The question is thus: “Why do we do Personality Tests and why are they useful?” Before we can explore the why we first need to understand what it is that we are talking about. Personality testing dates back to almost the beginning of the field of psychology. The MBTI for example is based on the works of Carl Jung who was a student of Sigmund Freud who is largely credited with being the father of modern psychology.
Understanding why people who are seemingly the same on the outside, may live and react totally differently is a puzzle that has been posed for centuries. With the advent of modern psychology the theorists and practitioners have managed to posit a variety of frameworks of personality that have been tested and factor-analysed to establish the credibility of the models.
The most widely known and accepted model of personality is the 5 factor model. The Big Five as it is known colloquially is a model that suggests that all personality types can be mapped out on a scale over five bipolar factors present in every individual. The five factors are openness, conscientiousness, extraversion, agreeableness, and neuroticism. Some summarize this as OCEAN. What the research says in short is that everyone will be somewhere on the scale of openness. For example, someone may be open to new experiences, seeking different experiences every day. They may not go to the same restaurant twice, and when they have to, they order different things on the menu every time. Opposed to that, someone may be very low on openness. This kind of person may have a regular schedule, they may go to the same restaurant every month, sit in the same seat and order the same meal.
So what does this have to do with testing and more particularly for testing in a job context?
The use of psychometric tests have traditionally been received with quite a hostile reception. Guion & Gottier, (1965) for example came to a very pessimistic conclusion that personality tests are not valid in the prediction of job performance.

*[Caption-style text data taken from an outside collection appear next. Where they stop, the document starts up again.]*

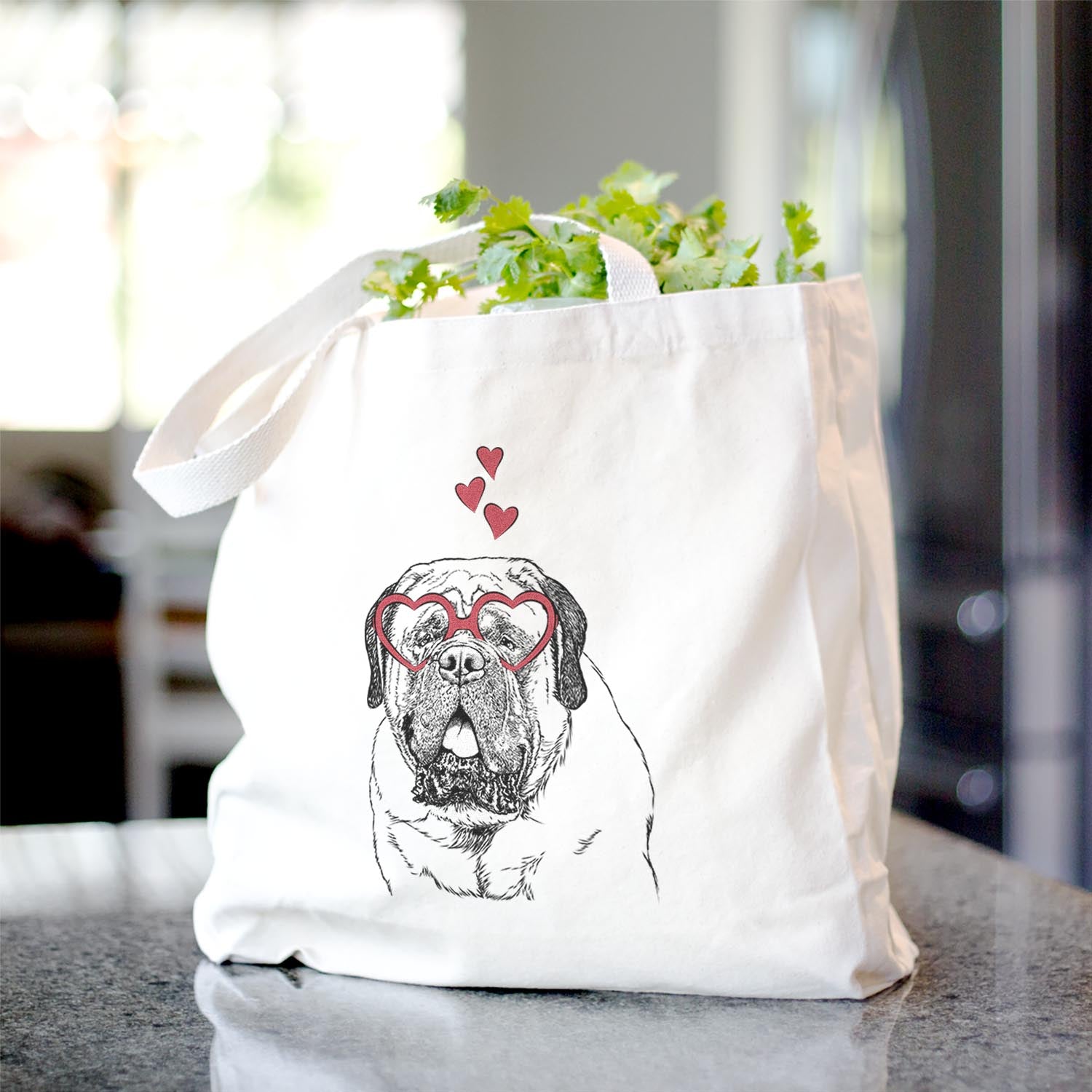 Jed the English Mastiff - Tote Bag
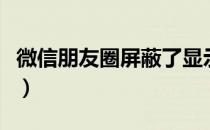 微信朋友圈屏蔽了显示什么（微信朋友圈屏蔽）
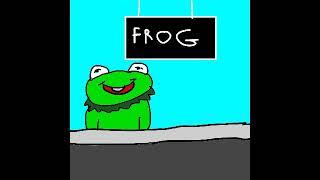 Kermit the Frog introduces the word, "FROG!"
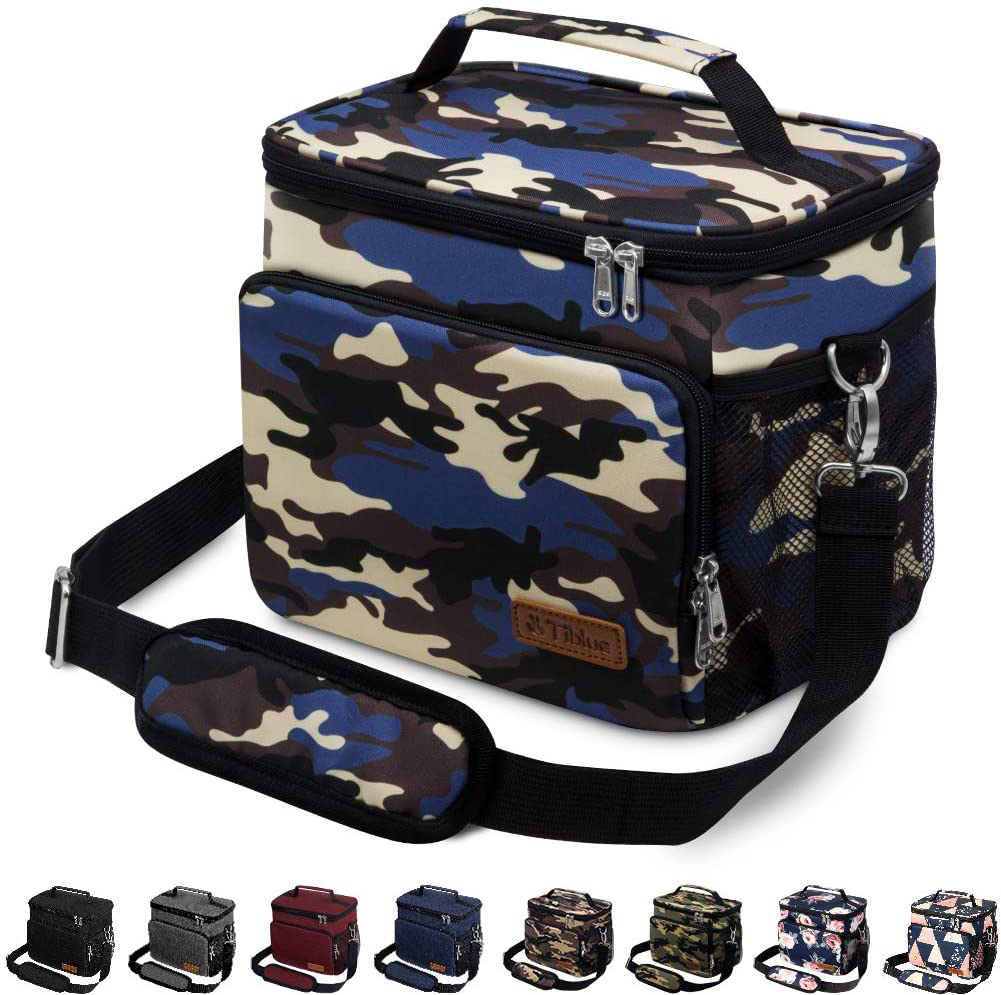 Reusable Lunch Box for Office Work School Picnic Beach - Leakproof Cooler Tote Bag Freezable Lunch Bag with Adjustable Shoulder Strap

This conclusion stood unchallenged for many decades, but thankfully in recent years a lot of research have gone into the use and usefulness of personality tests.
Various studies have found support for the use of personality tests as predictors of future job performance. A meta-analytic study by Barrick, Mount and Judge (2001) support previous findings that conscientiousness is a valid predictor across performance measures in all occupations studied. Emotional stability was also found to be a generalizable predictor when overall work performance was the criterion, but its relationship to specific performance criteria and occupations was less consistent than was conscientiousness. Other personality traits (e.g. extraversion, openness and agreeableness) did not predict overall work performance, they did predict success in specific occupations or relate to specific criteria. Therefore it is important to measure a broad range of personality traits as part of selection, development or promotion activities. As some personality traits may predict some success in specific occupations which may differ from other occupations.
In South Africa, Rothmann & Coetzer (2003) found that Emotional Stability, Extraversion, Openness to Experience and Conscientiousness were related to task performance and creativity. Three personality dimensions, namely Emotional Stability, Openness to Experience and Agreeableness, explained 28% of the variance in participants’ management performance. In other words almost a third of the performance differences in performance can be attributed to having or not having certain personality traits.
Based on the above two studies, we can conclude that the use of personality tests are not only valid for use, but may be essential to use in selection and development of new and existing staff.